**Exercise goal:** Which lines hold the string "with"? Copy each of them from the material below.

** Opening Data provided block **

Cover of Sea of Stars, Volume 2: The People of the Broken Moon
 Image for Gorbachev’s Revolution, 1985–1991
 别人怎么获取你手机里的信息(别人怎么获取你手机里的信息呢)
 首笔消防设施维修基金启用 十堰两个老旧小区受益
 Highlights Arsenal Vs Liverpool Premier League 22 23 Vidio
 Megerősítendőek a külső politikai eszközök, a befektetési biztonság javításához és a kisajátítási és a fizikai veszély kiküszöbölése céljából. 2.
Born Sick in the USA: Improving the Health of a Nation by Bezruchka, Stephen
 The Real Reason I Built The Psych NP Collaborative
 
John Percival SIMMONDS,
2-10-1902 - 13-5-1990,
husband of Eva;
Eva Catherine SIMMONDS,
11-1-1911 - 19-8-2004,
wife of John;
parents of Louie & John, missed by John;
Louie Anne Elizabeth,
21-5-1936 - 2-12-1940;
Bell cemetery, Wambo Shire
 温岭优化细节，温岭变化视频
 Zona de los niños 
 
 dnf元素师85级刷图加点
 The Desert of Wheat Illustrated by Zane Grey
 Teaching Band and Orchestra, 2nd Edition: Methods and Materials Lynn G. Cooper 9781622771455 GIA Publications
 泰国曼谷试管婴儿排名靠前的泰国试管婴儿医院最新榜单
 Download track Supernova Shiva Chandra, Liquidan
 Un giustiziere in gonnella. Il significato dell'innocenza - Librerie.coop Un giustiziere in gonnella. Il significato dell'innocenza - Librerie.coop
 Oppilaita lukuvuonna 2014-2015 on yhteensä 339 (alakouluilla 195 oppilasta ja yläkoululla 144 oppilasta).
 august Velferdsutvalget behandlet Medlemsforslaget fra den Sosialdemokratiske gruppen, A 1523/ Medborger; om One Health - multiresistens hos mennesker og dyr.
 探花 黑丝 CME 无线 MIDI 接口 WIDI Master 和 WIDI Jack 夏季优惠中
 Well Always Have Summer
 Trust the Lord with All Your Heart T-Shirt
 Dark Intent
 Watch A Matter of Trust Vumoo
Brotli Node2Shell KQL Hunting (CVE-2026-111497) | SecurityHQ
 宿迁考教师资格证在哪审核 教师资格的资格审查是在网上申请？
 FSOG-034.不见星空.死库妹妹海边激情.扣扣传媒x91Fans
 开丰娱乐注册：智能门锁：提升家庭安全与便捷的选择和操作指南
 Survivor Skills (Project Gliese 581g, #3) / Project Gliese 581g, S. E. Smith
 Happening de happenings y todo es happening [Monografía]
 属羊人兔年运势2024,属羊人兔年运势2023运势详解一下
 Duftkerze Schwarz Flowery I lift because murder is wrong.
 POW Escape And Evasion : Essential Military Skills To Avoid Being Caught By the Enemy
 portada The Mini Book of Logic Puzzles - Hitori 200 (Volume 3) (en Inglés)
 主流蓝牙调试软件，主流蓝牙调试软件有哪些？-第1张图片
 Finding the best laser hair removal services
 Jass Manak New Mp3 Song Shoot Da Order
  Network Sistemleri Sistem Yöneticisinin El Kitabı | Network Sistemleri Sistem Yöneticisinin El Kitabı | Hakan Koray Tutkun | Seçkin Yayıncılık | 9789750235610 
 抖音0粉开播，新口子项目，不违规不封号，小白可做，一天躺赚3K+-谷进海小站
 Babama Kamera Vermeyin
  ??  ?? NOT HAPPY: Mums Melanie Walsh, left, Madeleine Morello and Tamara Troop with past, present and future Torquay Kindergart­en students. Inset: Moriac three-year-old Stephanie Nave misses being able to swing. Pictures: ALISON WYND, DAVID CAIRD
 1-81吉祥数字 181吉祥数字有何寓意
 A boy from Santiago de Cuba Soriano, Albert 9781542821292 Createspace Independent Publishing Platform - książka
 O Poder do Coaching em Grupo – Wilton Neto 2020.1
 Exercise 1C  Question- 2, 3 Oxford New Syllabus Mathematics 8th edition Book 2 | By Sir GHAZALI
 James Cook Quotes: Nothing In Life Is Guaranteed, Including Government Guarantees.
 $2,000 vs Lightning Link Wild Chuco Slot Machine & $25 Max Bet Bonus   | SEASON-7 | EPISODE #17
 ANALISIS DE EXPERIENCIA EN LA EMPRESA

** Closing Data provided block **

**Response:**
 Trust the Lord with All Your Heart T-Shirt
  ??  ?? NOT HAPPY: Mums Melanie Walsh, left, Madeleine Morello and Tamara Troop with past, present and future Torquay Kindergart­en students. Inset: Moriac three-year-old Stephanie Nave misses being able to swing. Pictures: ALISON WYND, DAVID CAIRD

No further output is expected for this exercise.